Figure 1. Dermoid cyst and intracystic nondepent intracystic spheres of lipid material. (a) T1-weighted coronal image shows a large cyst (black arrows) containing mutipl round masses (stars) extending süperiorly toward the right adnexal region. (b) T2-weighted sagittal MR image shows the round masses (stars) floating in high-signal-intensity fluid within the cyst (black arrow). The cystic lesion displaces the uterus and urinary bladder (white arrows)
Figure 2 A: Areas of mature squamous epithelium, sebaceous glands, and fat tissue are observed (H&E X40) Figure 2B: Areas of cartilage, mucous glands, and intestinal mucosa are observed (H&E X40)
Figure 3. Photograph of the gross specimen shows yellowish, pasty sebaceous material (red arrowhead) and the bulk of the cyst cavity is filled with hair (white arrow), findings that account for the fat echogenicity and signal intensity seen at US and MR imaging. Two molar teeth are also evident ( black arrows)

3. Discussion

Mature cystic teratoma is the most prevalent germ cell tumor in women of reproductive age.

Malignant transformation starts at the postmenopausal period with an average age of 55 years; the most common malignant transformation occurs to squamous cell carcinoma [5]. A unilocular lesion was shown on MR imaging. T1-weighted MR images characterized the fatty areas of the tumor as having a high signal intensity.
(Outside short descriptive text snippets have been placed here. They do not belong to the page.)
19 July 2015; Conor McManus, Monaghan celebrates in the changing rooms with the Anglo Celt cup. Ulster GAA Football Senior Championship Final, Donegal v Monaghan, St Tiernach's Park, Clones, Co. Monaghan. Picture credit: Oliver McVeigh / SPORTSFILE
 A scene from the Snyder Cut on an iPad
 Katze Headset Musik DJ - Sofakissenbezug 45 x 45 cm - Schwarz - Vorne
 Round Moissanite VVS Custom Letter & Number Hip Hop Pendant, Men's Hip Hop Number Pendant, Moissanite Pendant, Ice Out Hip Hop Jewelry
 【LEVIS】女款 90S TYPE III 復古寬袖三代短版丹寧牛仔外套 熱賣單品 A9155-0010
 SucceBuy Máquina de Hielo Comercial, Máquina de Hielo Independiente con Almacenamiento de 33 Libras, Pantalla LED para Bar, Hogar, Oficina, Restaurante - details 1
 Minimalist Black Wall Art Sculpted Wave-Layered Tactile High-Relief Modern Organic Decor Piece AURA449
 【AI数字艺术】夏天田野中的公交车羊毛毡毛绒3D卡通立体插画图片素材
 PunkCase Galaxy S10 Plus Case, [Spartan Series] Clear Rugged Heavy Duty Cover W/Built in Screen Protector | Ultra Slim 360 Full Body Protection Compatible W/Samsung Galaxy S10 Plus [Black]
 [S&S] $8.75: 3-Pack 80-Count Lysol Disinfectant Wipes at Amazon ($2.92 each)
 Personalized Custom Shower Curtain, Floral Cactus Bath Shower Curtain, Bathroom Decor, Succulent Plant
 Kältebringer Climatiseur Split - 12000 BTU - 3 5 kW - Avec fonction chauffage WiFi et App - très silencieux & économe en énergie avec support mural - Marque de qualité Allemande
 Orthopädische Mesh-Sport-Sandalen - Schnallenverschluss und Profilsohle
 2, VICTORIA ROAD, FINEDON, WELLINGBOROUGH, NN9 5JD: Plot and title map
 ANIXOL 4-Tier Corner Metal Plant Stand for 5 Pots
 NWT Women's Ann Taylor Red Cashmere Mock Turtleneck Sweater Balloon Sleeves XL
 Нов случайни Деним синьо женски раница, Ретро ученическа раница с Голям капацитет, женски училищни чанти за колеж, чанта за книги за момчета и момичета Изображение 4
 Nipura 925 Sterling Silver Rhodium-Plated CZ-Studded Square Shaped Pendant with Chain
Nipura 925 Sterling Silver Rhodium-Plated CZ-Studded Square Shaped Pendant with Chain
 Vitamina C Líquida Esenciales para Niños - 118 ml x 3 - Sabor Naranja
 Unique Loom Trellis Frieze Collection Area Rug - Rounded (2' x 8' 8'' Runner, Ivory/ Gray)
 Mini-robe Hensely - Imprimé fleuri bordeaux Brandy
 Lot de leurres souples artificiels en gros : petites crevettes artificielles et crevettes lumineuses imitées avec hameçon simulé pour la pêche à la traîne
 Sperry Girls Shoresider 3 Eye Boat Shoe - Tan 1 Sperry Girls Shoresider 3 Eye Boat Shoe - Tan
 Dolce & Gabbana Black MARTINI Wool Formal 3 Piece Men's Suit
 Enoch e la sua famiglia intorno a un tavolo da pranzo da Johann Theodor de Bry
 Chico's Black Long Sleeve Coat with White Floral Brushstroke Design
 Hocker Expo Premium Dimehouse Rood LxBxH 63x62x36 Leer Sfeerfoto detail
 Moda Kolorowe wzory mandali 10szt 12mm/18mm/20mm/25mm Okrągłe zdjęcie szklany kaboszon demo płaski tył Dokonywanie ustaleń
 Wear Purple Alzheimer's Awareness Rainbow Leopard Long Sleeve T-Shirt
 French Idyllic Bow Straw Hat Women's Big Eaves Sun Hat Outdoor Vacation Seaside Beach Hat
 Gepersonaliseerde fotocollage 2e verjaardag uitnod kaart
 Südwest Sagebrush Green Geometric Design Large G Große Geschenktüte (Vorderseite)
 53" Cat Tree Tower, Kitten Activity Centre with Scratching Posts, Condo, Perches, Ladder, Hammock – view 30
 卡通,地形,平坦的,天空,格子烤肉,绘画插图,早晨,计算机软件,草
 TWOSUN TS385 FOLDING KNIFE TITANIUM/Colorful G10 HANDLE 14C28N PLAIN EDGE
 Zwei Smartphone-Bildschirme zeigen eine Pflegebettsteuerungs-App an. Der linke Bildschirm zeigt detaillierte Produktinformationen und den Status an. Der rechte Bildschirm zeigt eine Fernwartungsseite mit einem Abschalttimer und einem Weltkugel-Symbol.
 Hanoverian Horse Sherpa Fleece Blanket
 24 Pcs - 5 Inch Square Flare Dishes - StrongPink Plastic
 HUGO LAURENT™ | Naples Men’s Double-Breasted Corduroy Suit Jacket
Fat-suppressed T1-weighted images showed suppression of the signals, as well as chemical shift artifacts between the fat and the non-fat components, the latter being diagnostic for dermoid cysts. Based on a different appearance than multilocular or solid ovarian tumors, the tumor was considered benign. It has been reported that about 1% to 2% of mature cystic teratomas ultimately transform into malignant forms. This transformation usually begins from the “dermoid plug” [6]. Since the malignant transformation is rare and the malignant form resembles the appearance of the benign form, it is challenging to make a preoperative diagnosis. Malignant transformation usually occurs after menopause and when it occurs, the prognosis is grave [7]. Rim et al reported that the malignant transformation occurred at an average age of 56.8 years, and 63% of the cases were older than 40 years old at the time of diagnosis [8].

Malkasian et al reported that in a 612-case series the malignancy risk was doubled in patients over 50 years of age [9].

Yeol Park et al. [10] reported that age at the time of diagnosis and tumor size performed well than levels of CA125 or CA19-9 in detection of malignant transformation in mature cystic teratomas. They indicated that 45 years of age as the patient age and 99 mm as the tumor size were the optimal cutoffs. Malignant ovarian tumors may sometimes show an elevated level of SCC, the marker for squamous cell carcinoma, although tumor markers in our patient were in normal limits. It was also noteworthy that the tumor in our patient was benign despite its largest diameter of 14 cm.

To our opinion, mature cystic teratomas are rare in the elderly women although they may well occur in some patients and this case highlights the importance of the awareness of the possibility of a benign form of the disease despite a very advanced age.